Wassermann se basó en el libro de William Hickling Prescott The Conquest of Peru de 1847, para escribir este relato histórico, publicado por primera vez en Viena, en 1923, bajo el título Das Gold von Caxamalca en la colección Der Geist des Pilgers, y que podría considerarse lo contrario a Golowin, ya que, a pesar de que el autor (re)vive la Historia, aquí no decide ‘quedarse al margen’ para cederle el protagonismo a la introspección… aquí, en cambio, no se aparta de la cruda realidad de la que fue testigo Domingo de Soria de Luce, y que ahora ya anciano y retirado en un convento, rememora cómo apresaron y dieron muerte a Atahualpa, el Inca, en la Conquista del Perú en 1532, bajo el mando del analfabeto Francisco Pizarro, alentado por la católica Corona española. En El oro de Cajamarca el acontecimiento histórico, la trama externa, se convertirá en el drama interno del narrador-protagonista que intenta sobrevivir a los ecos que le siguen llegando de aquella inconsciencia colectiva; intenta soportar el recuerdo de aquel vergonzoso comportamiento perpetrado en nombre de la Historia, legitimado por el nacionalismo y el catolicismo, e incontrolado por la desmedida avidez por el oro, y, precisamente por haber participado en todo ello y por no haber intentado nada para impedirlo, decide fijarlo por escrito, para que no se diluya, para que no se tergiverse, para que pueda ser (re)considerado…
En la actualidad, cuando los múltiples conflictos de ‘nuestra sociedad del bienestar’ consiguen incluso desdibujar el concepto de crisis y nos devuelven la ineficacia de nuestro código de valores, el relato de Wassermann nos propone abordar asuntos siempre pendientes —aunque aparentemente manidos— como el de por qué, a pesar de las consecuencias, en distintas épocas y lugares, de una u otra forma, el ser humano no deja de perpetrar guerras, genocidios, exterminios…contra sí mismo. Y a día de hoy, la pregunta sigue siendo ¿quién y cómo se rinden cuentas de aquellos actos históricos, individuales o colectivos, que perjudican a toda la humanidad? Al parecer, eso va en función de quién nos cuenta lo ya sucedido, es decir, qué parte de la historia, y con qué propósito.

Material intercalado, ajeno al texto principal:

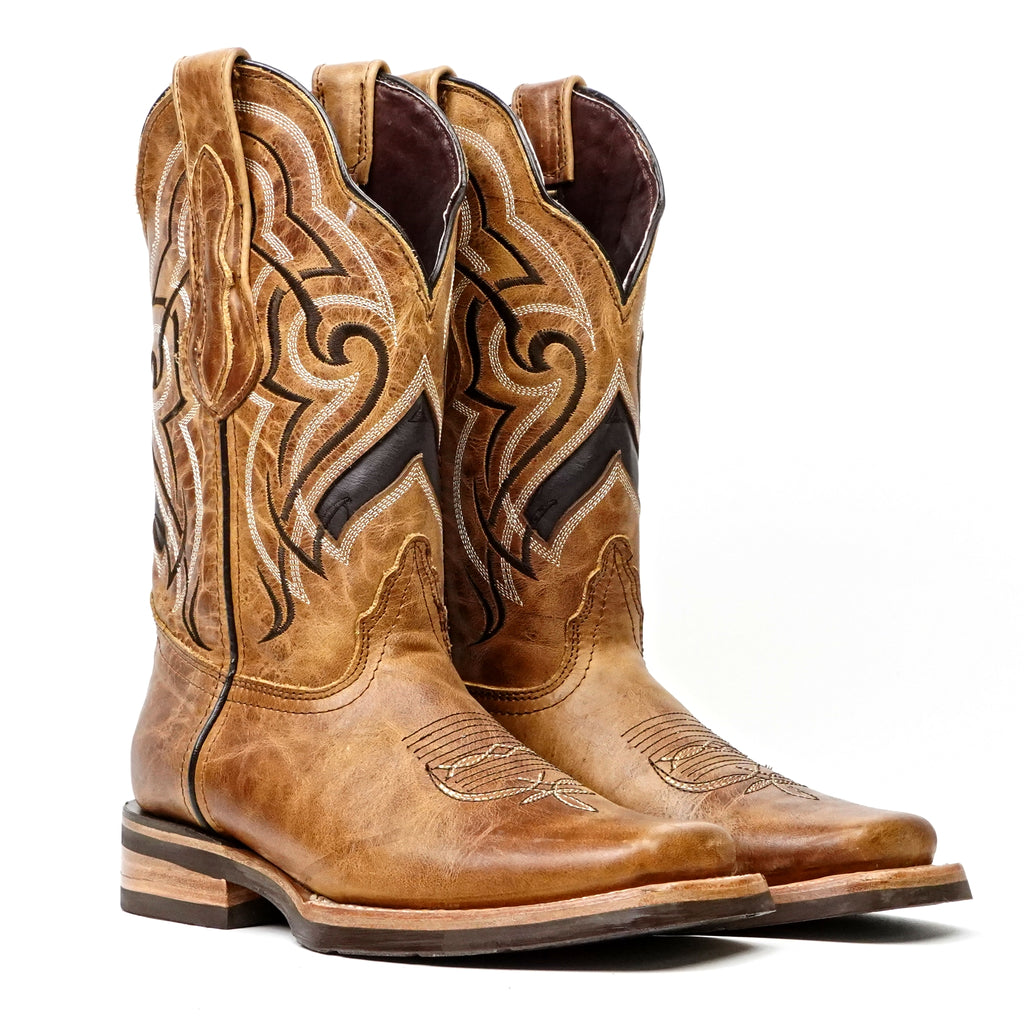 Wild Mustard Leather Boots - Sip-Resistant Sole - Rodeo Toe (E470)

Para algunos, la clave está en discutir si el relato histórico es sesgado o no. Siempre lo es. Por tanto, quizás lo interesante resida en encontrar a alguien que ya superó esa cuestión e intentó no soslayar la verdad (en la medida de lo posible y sin querer redactar un ensayo histórico), y aspiró a integrar la ficción con la honestidad y el sentido común con la autocrítica, aunque eso nunca ha sido empresa fácil según experimentó el propio Wassermann una y otra vez: “la desalentadora certidumbre de que cualquier sentimiento nacional específico no tolera ningún tipo de crítica, únicamente sumisa idealización y adulación complaciente. Y eso no es distinto ni para los judíos ni para los alemanes ni para los franceses…”.
Y según se lee en El oro de Cajamarca, ni para los españoles.

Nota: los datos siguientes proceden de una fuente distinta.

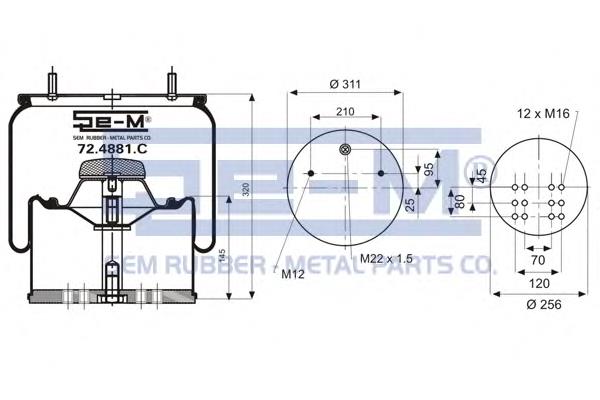 KG 4881 1NC Kraftiger coxim pneumático (suspensão de lâminas pneumática do eixo)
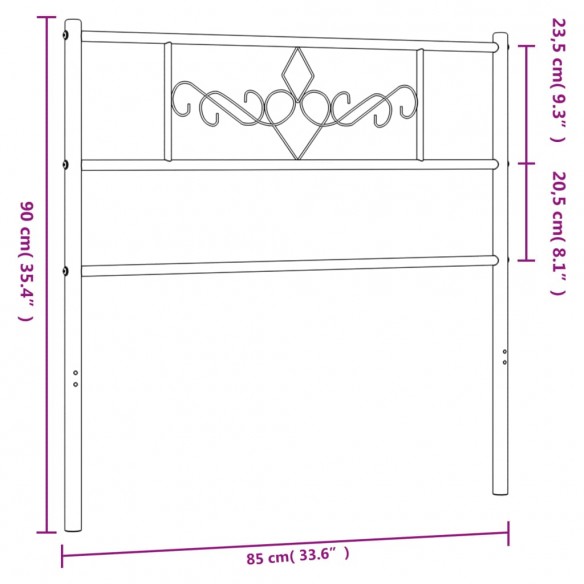 Tête de lit métal noir 80 cm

Gran parte de la estabilidad de este relato es, por tanto, quién lo escribe, desde qué necesidad y con qué fin. El escritor alemán no es un indígena resentido, ni un católico a la defensiva, ni un nazi, ni un judío ortodoxo, ni un banquero arruinado… es un hombre que siempre se sintió en medio de ninguna parte y que, al igual que Kafka, siempre sufrió una incómoda tensión para con sus raíces, como ya quedó patente en su primera novela “Die Juden von Zindorf” (1897). La integridad de Jakob Wassermann, no sólo se forjó por no dejarse tentar por la comodidad de declarase ‘sólo’ alemán, o de atrincherarse tras su condición de judío, si no porque siempre fue un escritor más internacionalista que nacionalista y que a lo largo de su extensa producción literaria no cesó en el empeño de preguntar(se) por los resortes que avivan la maldad humana.

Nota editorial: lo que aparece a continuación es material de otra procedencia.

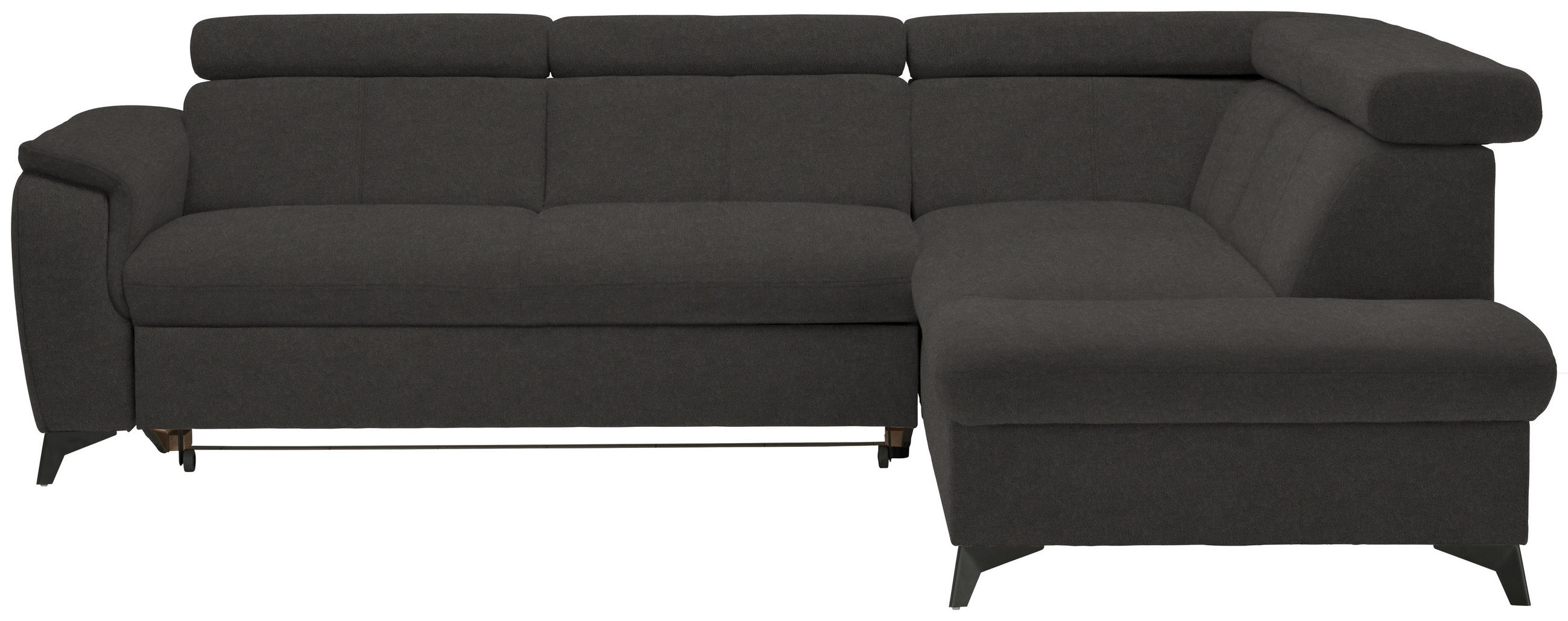 ECKSOFA in Mikrofaser Dunkelgrau  - Dunkelgrau/Schwarz, Design, Textil/Metall (260/203cm) - Stylife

Y ahora, ya en pleno siglo XXI, nuestras almas han quedado al descubierto de nuevo, tanto o más que en aquellos oscuros tiempos de la Conquista, pues ‘el capitalismo salvaje’ se revela más como un castigo a la avaricia que como un medio de vida honroso capaz de protegernos frente a la infelicidad. Y Wassermann, una vez más, cuestiona por qué seguimos creyendo que nuestra cegadora avidez de riqueza nos conducirá a nuestro ideal de libertad, y nos insta a admitir la ofuscación que nos produce el oro a pesar de los oscuros perfiles que cada lingote trae consigo.
Leibniz intentó convencernos de que éste era ‘el mejor de los mundos posibles’ [7], de que “mejor no significaba moralmente bueno, sino matemáticamente bueno, ya que Dios, entre las infinitas posibilidades de mundos, ha encontrado la variedad más estable y homogénea”. Así, según el filósofo alemán, “este mundo es el matemática y físicamente más perfecto, pues (sea moralmente bueno o malo, no importa) es el mejor posible”. Pues bien, sin querer minimizar el alcance de esta reflexión filosófica, es posible, que después de leer este relato histórico al lector le apetezca a reconsiderar seriamente sobre si depende de la acción del hombre o de los designios divinos, el hecho de que este mundo se bifurque en varios que se dan la espalda; y de si uno de esos (sub)mundos en el que nos encontramos nos parece realmente ‘el mejor de los mundos posibles’, ya que en demasiados acontecimientos históricos hemos excluido de él, de forma legítima e intelectual, toda ética. Y aunque cada cual ensordece su conciencia como puede ¿con qué sofisticados argumentos se convencerán, a sí mismos, todos aquellos incondicionales de la fe, de la incompatibilidad de cometer actos atroces contra sus iguales en nombre de Dios? Quién sabe, si más de un creyente no se convirtió en agnóstico, o un agnóstico en ateo, después de leer algo de Historia.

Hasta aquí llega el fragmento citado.